Fortune's Formula: The Untold Story of the Scientific Betting System That Beat the Casinos and Wall Street
by William Poundstone
Quick Summary
A narrative history connecting information theory, gambling, and Wall Street through the lives of Claude Shannon, Edward Thorp, and John Kelly Jr. Poundstone traces how the Kelly Criterion -- a formula for optimal bet sizing derived from Shannon's information theory at Bell Labs -- was applied first to beat casino games and horse racing, then adapted by Thorp and others to generate extraordinary returns in the stock market, while sparking a fierce intellectual debate with Paul Samuelson and the efficient market theorists.
Detailed Summary
William Poundstone's "Fortune's Formula" weaves together three seemingly disparate threads -- information theory, gambling, and financial markets -- into a compelling narrative about the Kelly Criterion and its controversial application to investing. The book was named Amazon's #1 Nonfiction Book of 2005.
Part One ("Entropy") introduces Claude Shannon, the father of information theory, whose work at Bell Labs on the mathematical theory of communication revolutionized telecommunications and laid the intellectual groundwork for the digital age. Shannon's insight that information could be quantified using the concept of entropy connected abstract mathematics to practical engineering problems. The book then introduces John Kelly Jr., a Bell Labs physicist who in 1956 published a paper showing how Shannon's information theory could be applied to gambling: given an information advantage (an "edge"), there is a mathematically optimal fraction of one's bankroll to wager on each bet that maximizes the long-term geometric growth rate of wealth while minimizing the risk of ruin. This became known as the Kelly Criterion.
The narrative also introduces Emmanuel Kimmel, a gambler who exploited information advantages in horse racing through a private wire service that received results before the bookmakers, and the mathematical work that formalized the relationship between information, probability, and optimal betting.
Part Two ("Blackjack") follows Edward Thorp, a mathematics professor who developed the first mathematically proven card-counting system for blackjack and field-tested it in Las Vegas casinos. Thorp's "Beat the Dealer" (1962) demonstrated that the Kelly Criterion could be practically applied: by sizing bets proportionally to the card-counting edge, a player could maximize long-term returns. The book details Thorp's casino exploits, including encounters with cheating dealers and the eventual casino industry response of multi-deck shoes and countermeasures.

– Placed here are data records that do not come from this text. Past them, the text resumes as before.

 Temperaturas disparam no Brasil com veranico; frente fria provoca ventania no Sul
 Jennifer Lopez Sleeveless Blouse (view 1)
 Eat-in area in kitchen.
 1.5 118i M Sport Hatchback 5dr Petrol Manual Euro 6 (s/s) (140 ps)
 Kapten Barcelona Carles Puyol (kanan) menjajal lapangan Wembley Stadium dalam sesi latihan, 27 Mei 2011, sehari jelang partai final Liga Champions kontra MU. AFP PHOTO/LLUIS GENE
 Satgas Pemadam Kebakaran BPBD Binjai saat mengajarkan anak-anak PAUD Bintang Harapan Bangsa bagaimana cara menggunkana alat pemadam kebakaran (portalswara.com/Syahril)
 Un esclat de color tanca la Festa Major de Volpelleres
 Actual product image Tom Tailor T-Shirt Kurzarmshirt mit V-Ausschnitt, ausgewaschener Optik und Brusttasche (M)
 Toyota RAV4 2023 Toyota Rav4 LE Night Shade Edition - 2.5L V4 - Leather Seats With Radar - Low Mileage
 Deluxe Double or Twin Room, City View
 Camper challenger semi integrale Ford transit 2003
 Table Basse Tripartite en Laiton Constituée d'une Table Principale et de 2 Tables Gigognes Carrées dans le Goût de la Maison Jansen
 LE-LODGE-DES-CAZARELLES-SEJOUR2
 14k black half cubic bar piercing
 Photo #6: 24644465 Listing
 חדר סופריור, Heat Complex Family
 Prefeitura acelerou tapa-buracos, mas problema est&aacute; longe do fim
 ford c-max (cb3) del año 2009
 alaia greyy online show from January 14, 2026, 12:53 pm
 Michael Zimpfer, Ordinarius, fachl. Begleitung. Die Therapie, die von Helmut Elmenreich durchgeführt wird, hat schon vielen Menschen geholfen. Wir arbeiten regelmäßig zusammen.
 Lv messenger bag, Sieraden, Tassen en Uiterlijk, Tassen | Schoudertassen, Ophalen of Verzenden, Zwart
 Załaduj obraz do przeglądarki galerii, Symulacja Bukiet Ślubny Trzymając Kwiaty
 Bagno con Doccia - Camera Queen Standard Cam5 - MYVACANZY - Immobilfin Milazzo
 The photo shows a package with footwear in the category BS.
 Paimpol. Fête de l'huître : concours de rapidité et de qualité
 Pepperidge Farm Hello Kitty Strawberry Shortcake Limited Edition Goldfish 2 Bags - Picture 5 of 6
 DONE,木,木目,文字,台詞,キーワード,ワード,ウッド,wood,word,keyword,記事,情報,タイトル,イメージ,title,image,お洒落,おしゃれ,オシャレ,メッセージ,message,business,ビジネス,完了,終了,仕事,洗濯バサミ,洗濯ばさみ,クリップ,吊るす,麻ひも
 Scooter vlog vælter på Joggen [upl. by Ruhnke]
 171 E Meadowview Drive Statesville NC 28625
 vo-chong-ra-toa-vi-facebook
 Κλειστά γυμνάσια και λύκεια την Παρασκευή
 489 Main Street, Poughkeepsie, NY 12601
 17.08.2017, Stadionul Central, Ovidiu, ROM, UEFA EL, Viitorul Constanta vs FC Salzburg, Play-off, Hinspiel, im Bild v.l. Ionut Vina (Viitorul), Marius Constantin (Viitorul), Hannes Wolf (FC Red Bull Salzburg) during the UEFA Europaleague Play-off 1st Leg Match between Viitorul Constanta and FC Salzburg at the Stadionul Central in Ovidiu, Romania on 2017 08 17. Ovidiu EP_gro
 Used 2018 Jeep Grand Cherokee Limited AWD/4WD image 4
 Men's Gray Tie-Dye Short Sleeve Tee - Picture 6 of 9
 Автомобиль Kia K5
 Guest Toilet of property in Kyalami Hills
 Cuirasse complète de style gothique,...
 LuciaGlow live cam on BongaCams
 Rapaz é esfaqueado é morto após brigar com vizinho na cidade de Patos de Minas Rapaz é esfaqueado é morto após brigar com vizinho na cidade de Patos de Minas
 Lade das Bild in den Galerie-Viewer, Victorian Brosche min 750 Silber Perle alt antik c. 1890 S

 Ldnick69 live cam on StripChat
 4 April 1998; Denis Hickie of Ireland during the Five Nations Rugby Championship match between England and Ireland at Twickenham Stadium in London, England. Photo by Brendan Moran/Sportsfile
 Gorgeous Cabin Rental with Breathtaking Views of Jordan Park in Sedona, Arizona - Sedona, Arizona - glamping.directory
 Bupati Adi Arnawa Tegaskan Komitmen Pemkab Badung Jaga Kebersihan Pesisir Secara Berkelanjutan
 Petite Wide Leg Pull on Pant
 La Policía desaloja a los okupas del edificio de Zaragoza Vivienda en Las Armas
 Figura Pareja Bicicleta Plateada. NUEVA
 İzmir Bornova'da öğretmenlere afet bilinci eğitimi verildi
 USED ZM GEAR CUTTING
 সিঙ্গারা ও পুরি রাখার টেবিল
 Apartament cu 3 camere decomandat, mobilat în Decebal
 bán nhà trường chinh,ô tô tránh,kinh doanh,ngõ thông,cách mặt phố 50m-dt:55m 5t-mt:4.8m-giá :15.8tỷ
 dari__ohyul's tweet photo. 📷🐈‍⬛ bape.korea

Part Three ("Arbitrage") traces Thorp's transition from casino gambling to Wall Street, where he founded Princeton-Newport Partners, one of the first quantitative hedge funds, and developed warrant and convertible bond arbitrage strategies that generated consistent returns with minimal risk. This section also covers the broader transformation of Wall Street through quantitative methods, including the rise of Michael Milken's junk bond empire, the development of the Black-Scholes options pricing model by Robert C. Merton and others, and the ongoing debate about market efficiency.
Part Four ("St. Petersburg Wager") addresses the intellectual controversy between the Kelly Criterion advocates (led by Thorp and Henry Latane) and the mainstream finance establishment (led by Paul Samuelson). Samuelson argued that the Kelly Criterion was inappropriate for real-world investing because it assumes an infinitely long time horizon and ignores the utility preferences of individual investors. The Kelly camp countered that maximizing geometric mean returns is the only strategy that guarantees eventual superiority over any other strategy given enough time. This debate connects to foundational questions in economics about risk, utility, and rational decision-making that trace back to Daniel Bernoulli's 1738 St. Petersburg paradox.
The book also covers Shannon's own investing exploits (his "Shannon's Demon" thought experiment about extracting returns from random fluctuations through rebalancing) and the evolution of these ideas through Long-Term Capital Management's spectacular collapse in 1998, which demonstrated the real-world risks of leverage even when the underlying mathematical models are correct.